Data segment
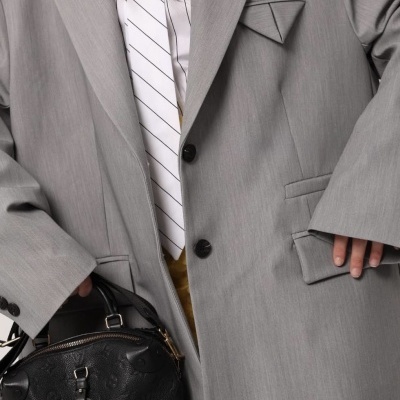 Blazer ME ENSEÑASTE (LUMINA)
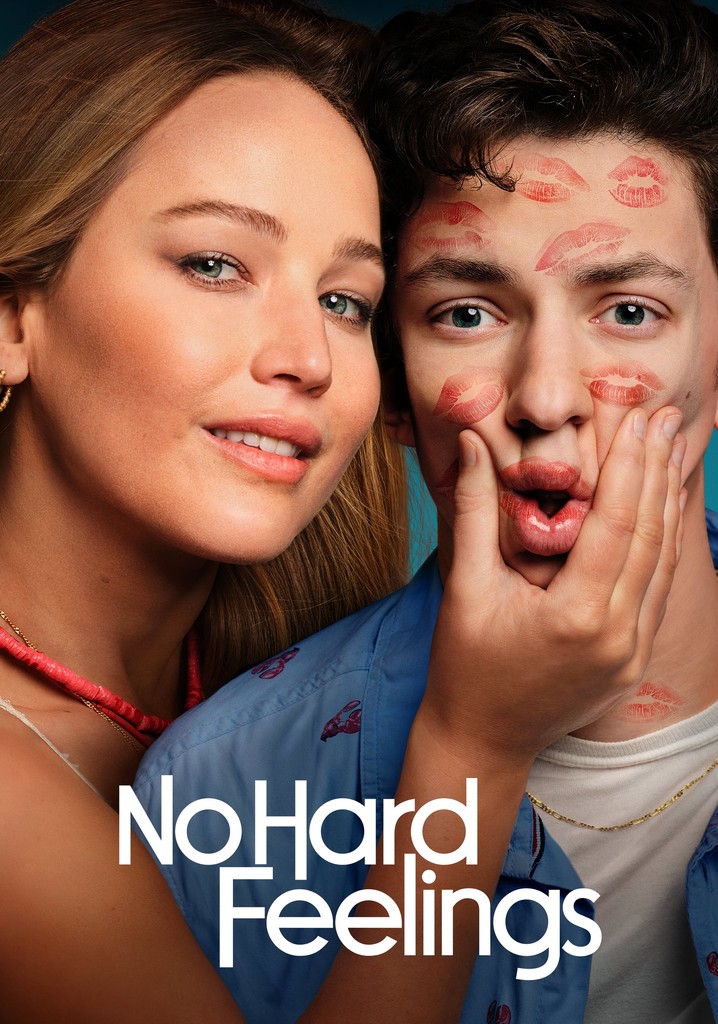 No Hard Feelings movie watch streaming online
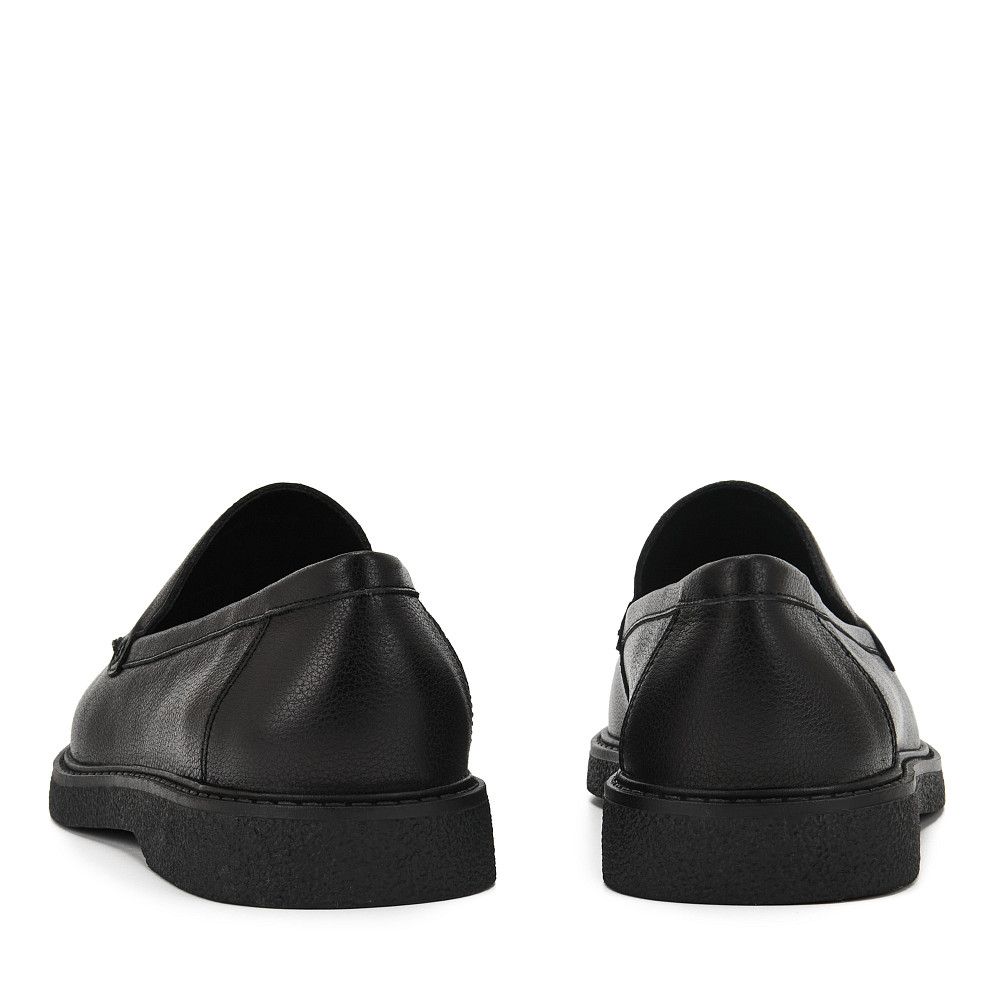 

Thomas Munz, Черный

Aim of the exercise
If a picture appears in the data, omit it; transcribe all the rest exactly.

Response for this exercise
 Blazer ME ENSEÑASTE (LUMINA)
 No Hard Feelings movie watch streaming online

Thomas Munz, Черный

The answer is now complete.